▶ **Data under study**:
■ ■ ■ ■

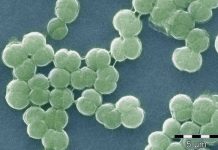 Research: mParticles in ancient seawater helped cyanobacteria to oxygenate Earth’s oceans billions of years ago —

■ ■ ■ ■

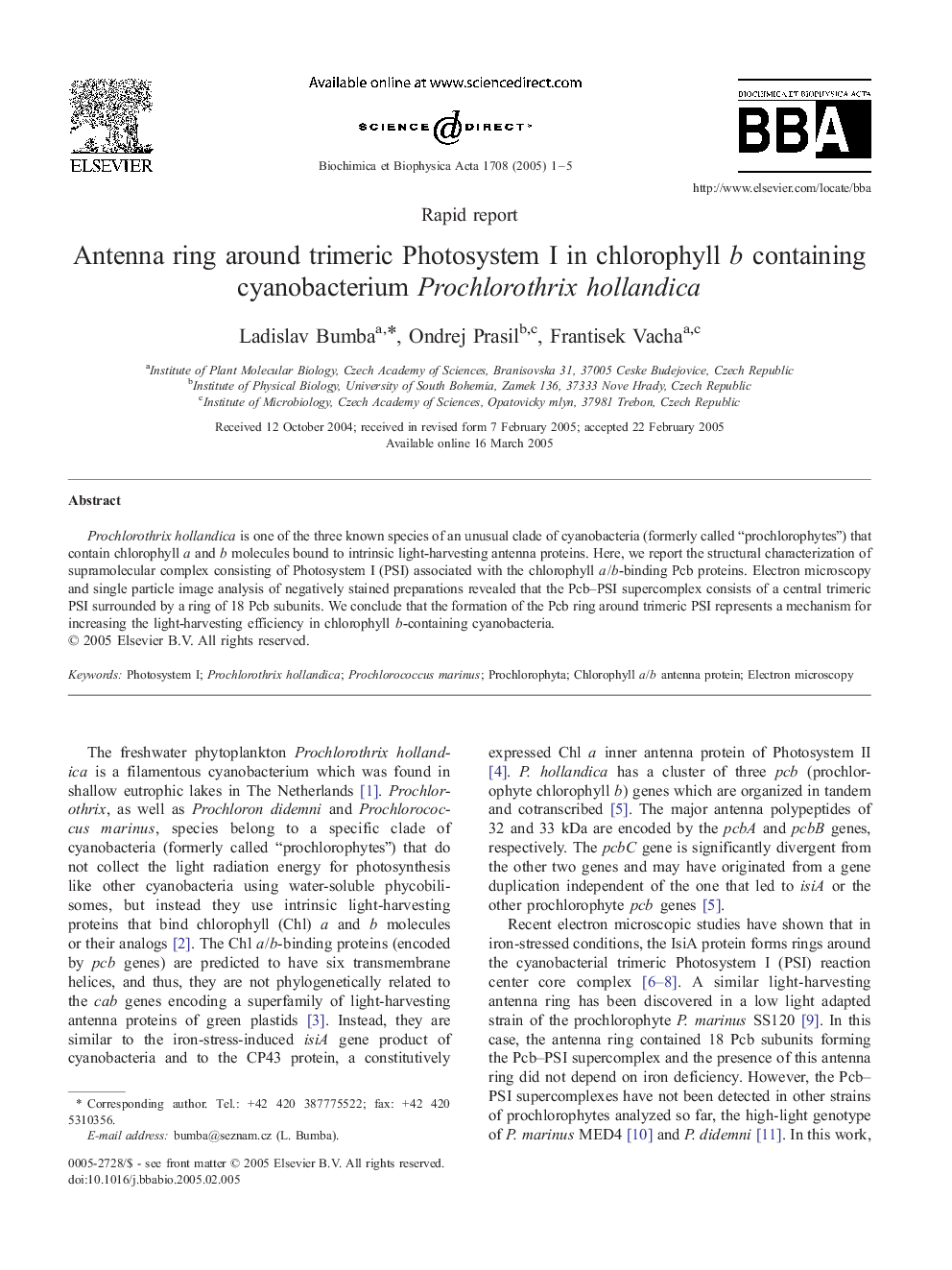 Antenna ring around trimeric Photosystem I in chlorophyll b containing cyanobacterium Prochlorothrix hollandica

■ ■ ■ ■

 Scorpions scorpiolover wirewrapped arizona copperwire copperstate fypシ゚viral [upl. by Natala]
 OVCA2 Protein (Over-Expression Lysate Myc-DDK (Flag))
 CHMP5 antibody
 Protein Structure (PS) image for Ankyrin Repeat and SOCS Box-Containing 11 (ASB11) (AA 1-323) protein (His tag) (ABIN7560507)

■ ■ ■ ■

▶ **Exercise details**: The word "Protein" appears in how many lines of the data? Answer with only the number.

▶ **Task output**: 2